** Records for the exercise follows **

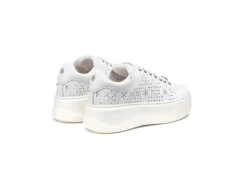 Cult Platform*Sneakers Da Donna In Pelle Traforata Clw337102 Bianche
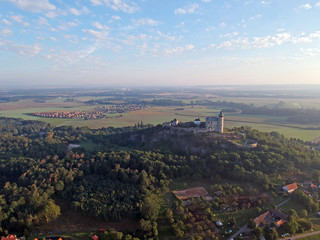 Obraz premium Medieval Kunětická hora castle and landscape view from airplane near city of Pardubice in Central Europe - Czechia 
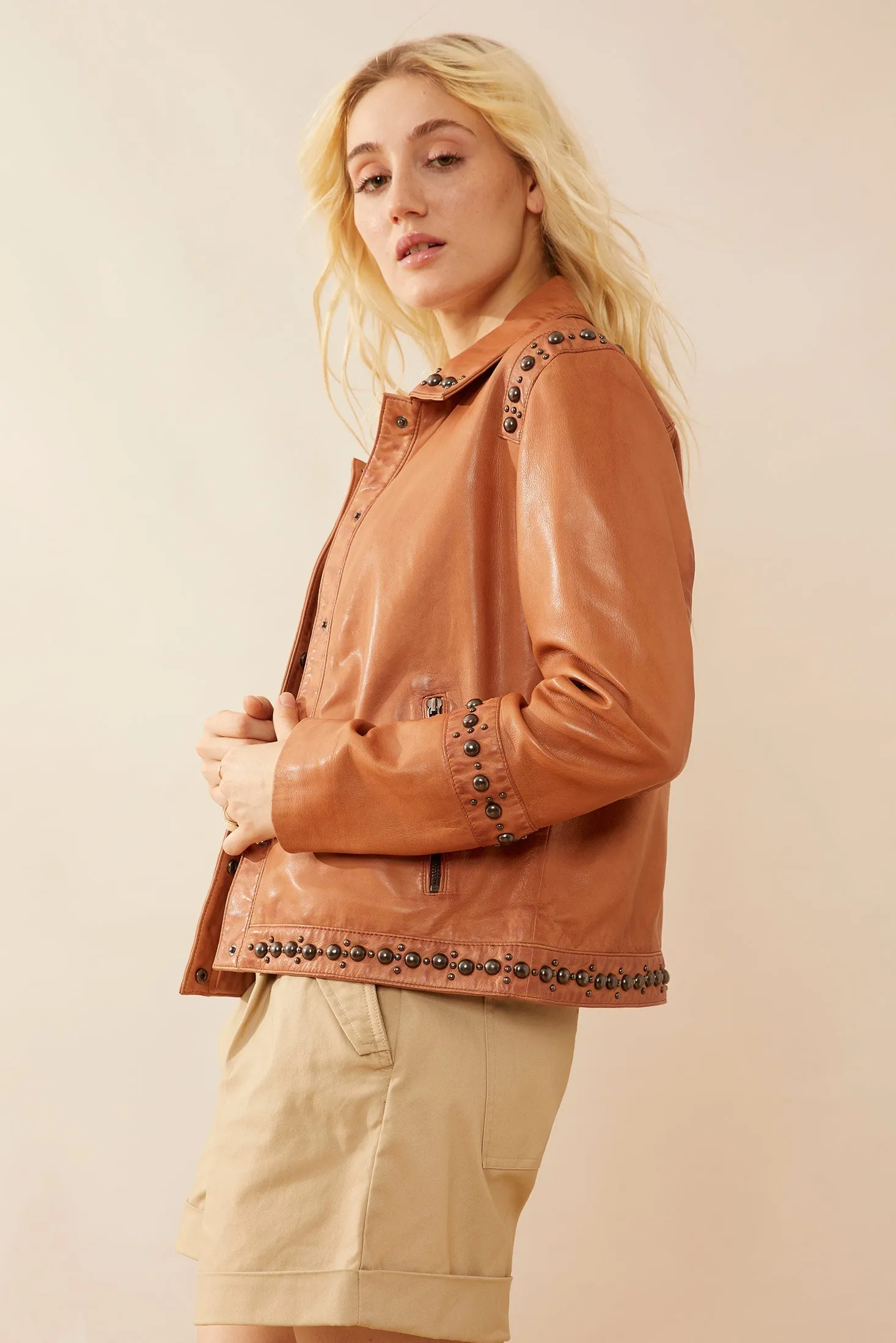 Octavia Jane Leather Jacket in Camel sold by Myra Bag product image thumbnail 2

** End of Records for the exercise **
** Records for the exercise follows **

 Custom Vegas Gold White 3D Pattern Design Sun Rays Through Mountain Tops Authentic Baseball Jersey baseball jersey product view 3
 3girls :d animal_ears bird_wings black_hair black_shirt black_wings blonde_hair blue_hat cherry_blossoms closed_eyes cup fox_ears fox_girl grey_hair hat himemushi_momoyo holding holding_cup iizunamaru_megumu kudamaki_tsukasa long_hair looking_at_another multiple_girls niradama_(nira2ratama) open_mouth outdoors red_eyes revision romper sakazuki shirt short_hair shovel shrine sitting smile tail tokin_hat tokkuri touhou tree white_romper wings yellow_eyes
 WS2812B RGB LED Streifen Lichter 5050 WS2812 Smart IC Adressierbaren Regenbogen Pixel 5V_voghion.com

** End of Records for the exercise **
** Records for the exercise follows **

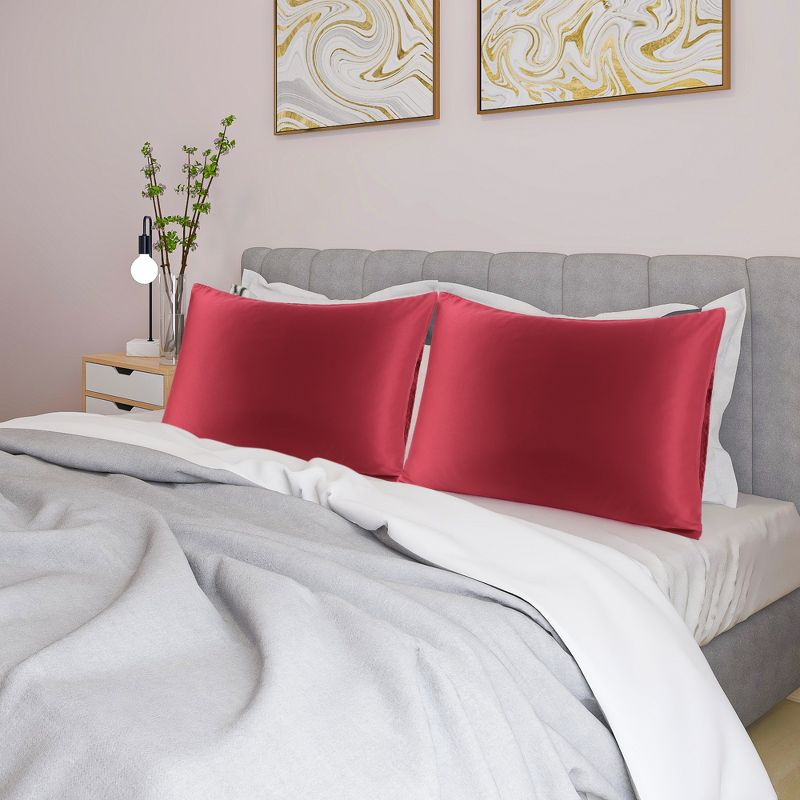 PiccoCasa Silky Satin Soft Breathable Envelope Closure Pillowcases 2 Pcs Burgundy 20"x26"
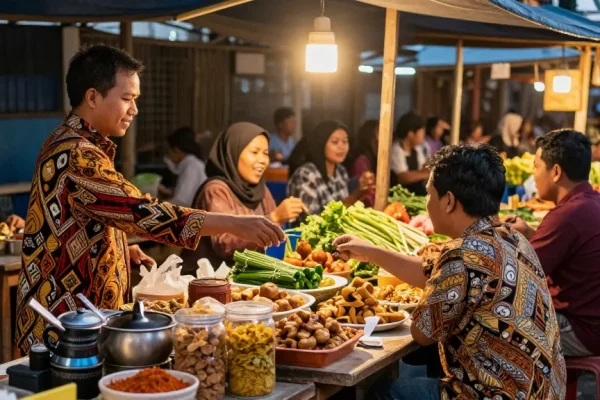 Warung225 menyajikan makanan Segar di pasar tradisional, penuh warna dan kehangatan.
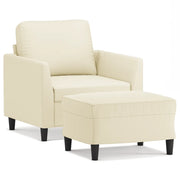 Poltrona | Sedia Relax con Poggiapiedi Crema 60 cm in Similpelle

** End of Records for the exercise **

> [Problem requirements] Reproduce the lines above beginning at the line that contains "PiccoCasa Silky Satin" and ending at the line that contains "Poltrona | Sedia". No pictures.

> [Response for this exercise]
 PiccoCasa Silky Satin Soft Breathable Envelope Closure Pillowcases 2 Pcs Burgundy 20"x26"
 Warung225 menyajikan makanan Segar di pasar tradisional, penuh warna dan kehangatan.
 Poltrona | Sedia Relax con Poggiapiedi Crema 60 cm in Similpelle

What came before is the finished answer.